With Fernanda Ribeiro a late withdrawal because of injury and the Romanian, Elena Fidatov running a long way below the form which put her out of reach of all challengers on the Grand Prix circuit, it wasn't the kind of plot which many had envisaged in this, the first championship to carry prize money.

Even as the drive began to leave O'Sullivan, so McKiernan, almost unnoticed, made her way to the front. When the bell sounded for the start of the last lap she was a metre or so clear of Radcliffe and Vaquero.

The move was promising enough to invoke some of the biggest cheers of the day from Irish supporters but, sadly, within another 80 metres, we sensed that it was no more than an empty gesture of defiance by an athlete who had run out of time to complete her endurance work in training.

By the time they levelled out again, McKiernan had drifted back to sixth place and now, barring a little miracle, there was no way back for her. But even as she fell off the pace, so Radcliffe took on the Ethiopians in a finish of captivating grandeur.

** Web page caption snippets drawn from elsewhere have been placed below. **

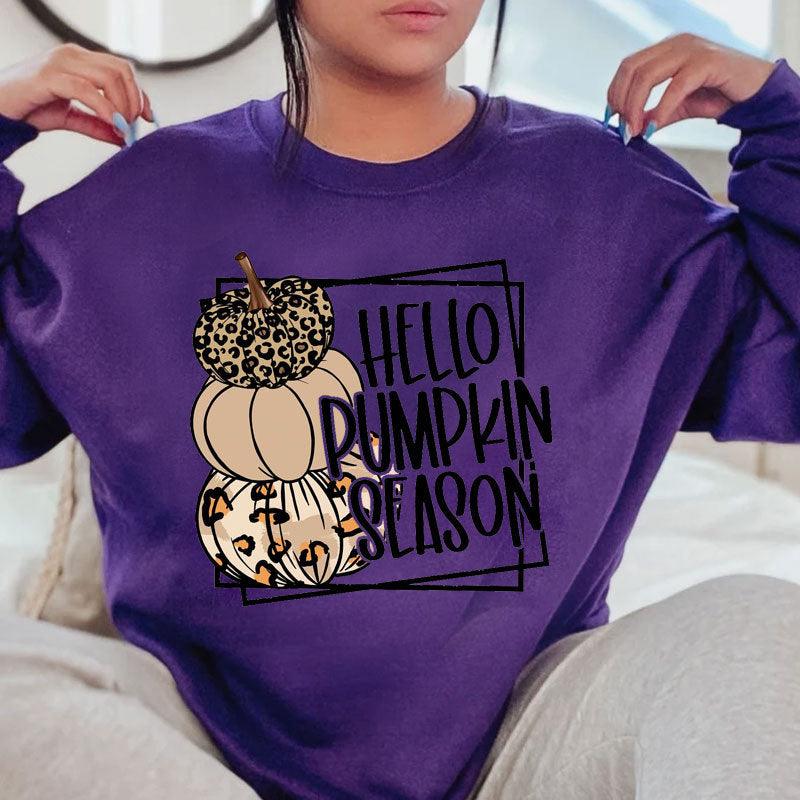 Hello Pumkin Season Crewneck Sweater|Fall Wear - iheartgiftcart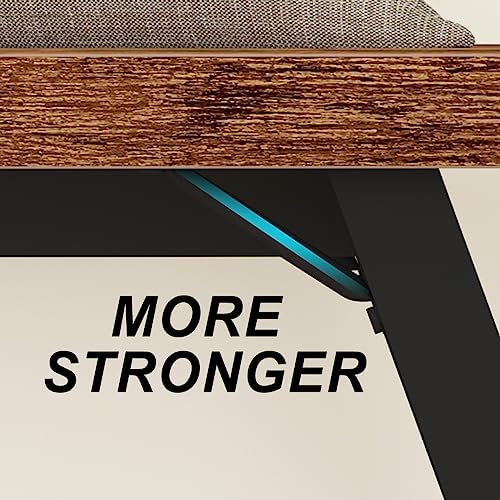 LVB Rustic Entryway Bench with Storage, Hallway Bench for Entryway, 47 in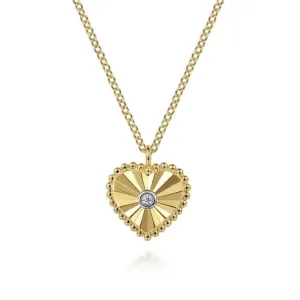 14K Y Gold 0.01ctw Dia Cut Heart Diamond Pendant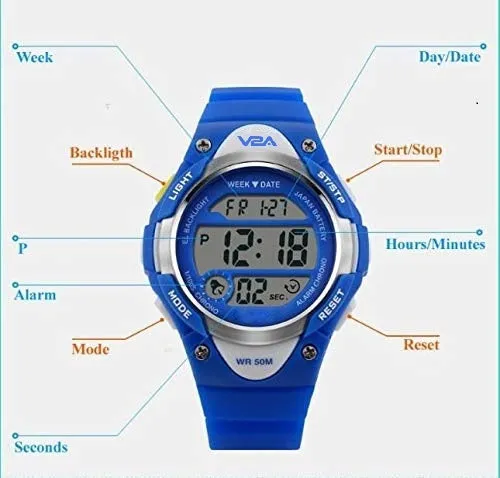 V2A Kids Black LED Backlight Stainless Steel Case Waterproof Digital Sports Casual Watch For Boys And Girls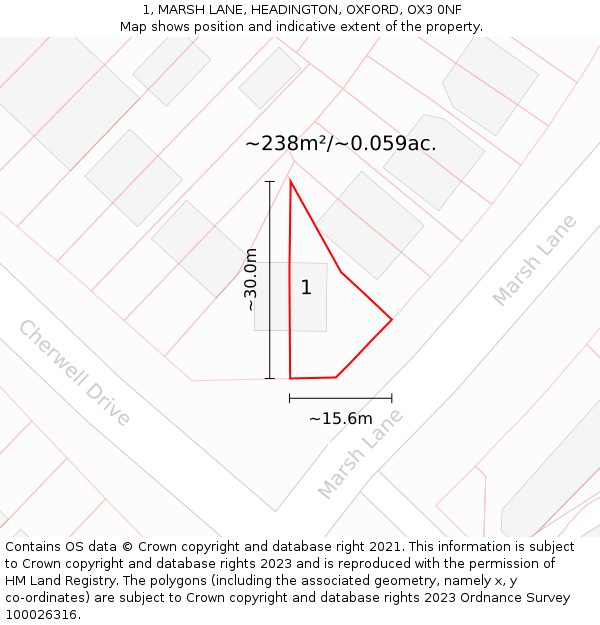 1, MARSH LANE, HEADINGTON, OXFORD, OX3 0NF: Plot and title map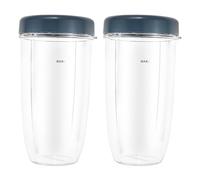 2Pack Blender 32OZ Cups with Flat Lid Compatible with Nutribullet 600W 900W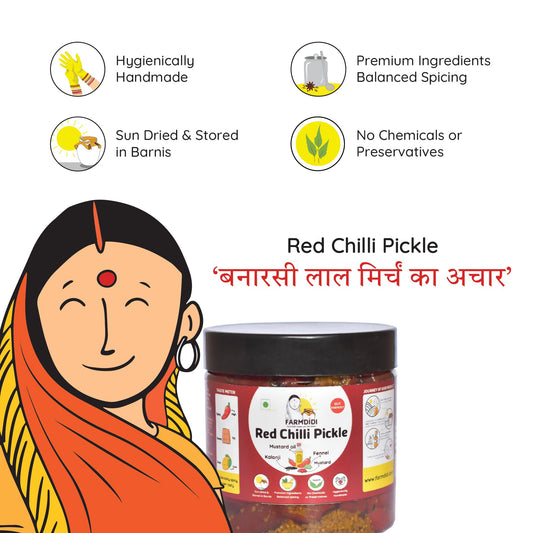 FarmDidi Bharwa Lal Mirch Pickle 325g | Homemade Red Chilli Achar | No Preservatives, Mustard Oil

Against most expectations, she broke the defending champion Wami with 220 metres to go but then, with the hard work apparently done, she couldn't cope with the renewed challenge of Tulu and was passed on the run to the line.

"When I got ahead of Wami, I thought to myself: `Hey, I'm going to be the first to win the junior and senior titles at these championships'," she recounted. "But soon, very soon, I knew there was more work to be done and when Tulu arrived on my shoulder, I sensed she would be too strong.

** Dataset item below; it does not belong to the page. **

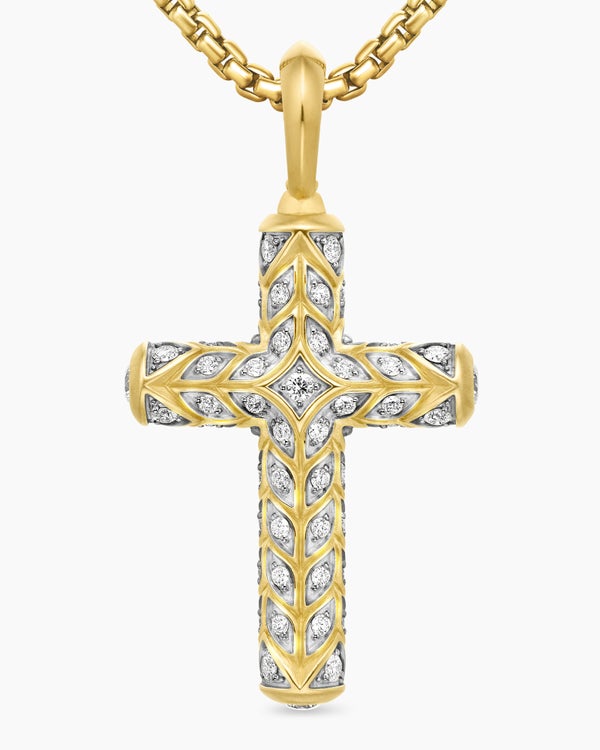 Chevron Cross Pendant in 18K Yellow Gold with Pavé Diamonds, 36mm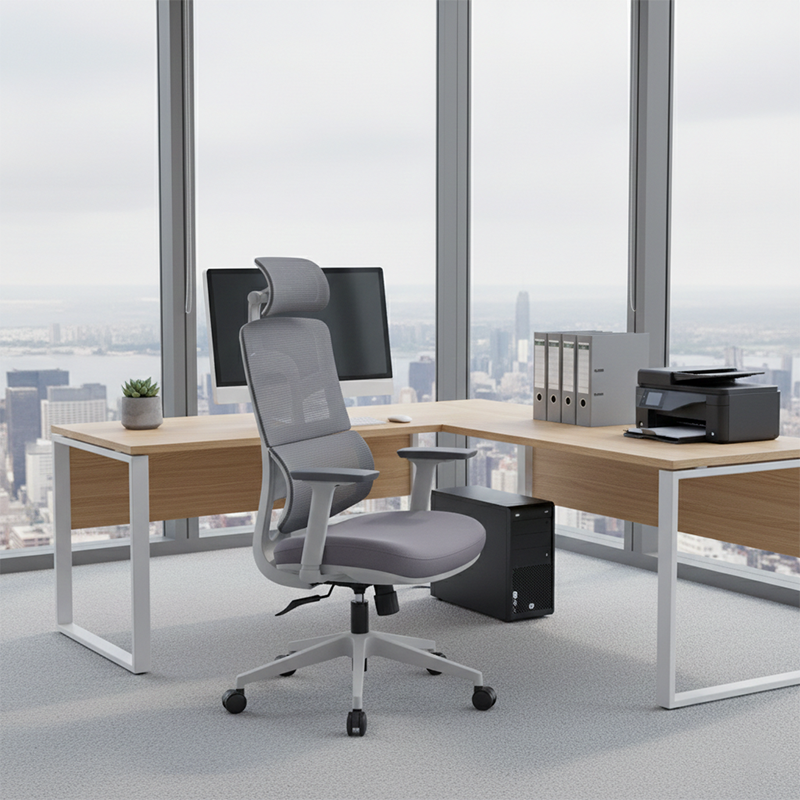 Modern Grey High Back Ergonomic Mesh Executive Office Chair - 3D Armrests Adjustable Headrest Desk Chair For Home Office Lumendat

"I was in good shape - as was Catherina McKiernan. But this championship has improved in standard to the point where you have to be running superbly to get into the top 10, let alone win it."

Behind the leading group, Valerie Vaughan and Una English worked away diligently to escape from the mid 30s and to get themselves into a position from which Ireland was able to secure the team bronze medal. The other two members of the team did not have their placings taken into account. Maureen Harrington finished 108th and Pauline Curley 117th.

The Irish performance confounded the British team manager, Dave Clarke, who had a £100 bet with an official that his team would finish ahead of the Irish.

Ethiopia took the senior women's team prize, thus denying Kenya the supreme fulfilment of winning all eighty titles on offer.

African runners dominated men's senior race with such authority yesterday that the leading European born runner, Julio Rey of Spain, had to settle for 9th place. Five places further back was the Briton, Jon Brown, who had done all the right things in the approach to the championships but still found himself comprehensively beaten by the Africans on the day it mattered most.

Up front, Paul Tergat of Kenya, winner in 1995 and again last year, appeared to be destined for the indignity of a rare cross country defeat when headed on the final circuit by the world 10,000 metres record holder, Salah Hissou of Morocco.

But Hissou's supporters reckoned without the grit of the champion, who braced himself for the counter charge with 800 metres to go and delivered so abundantly that the Moroccan, for all his talent, was irreparably broken.

After making fluent progress in the second third of the race, Seamus Power from Clare slipped to 49th place, still a fine placing, but Tom McGrath, unable to find anything extra in the urgency of it all, could finish no higher than 129th.

Maria Lynch was in 107th place, the same number as that on her back, in the junior women's race, won by Kenya's Rose Koskei, and Gareth Tumbull of Belfast was 52nd behind another Kenyan, Elijah Korir, in the junior men's event.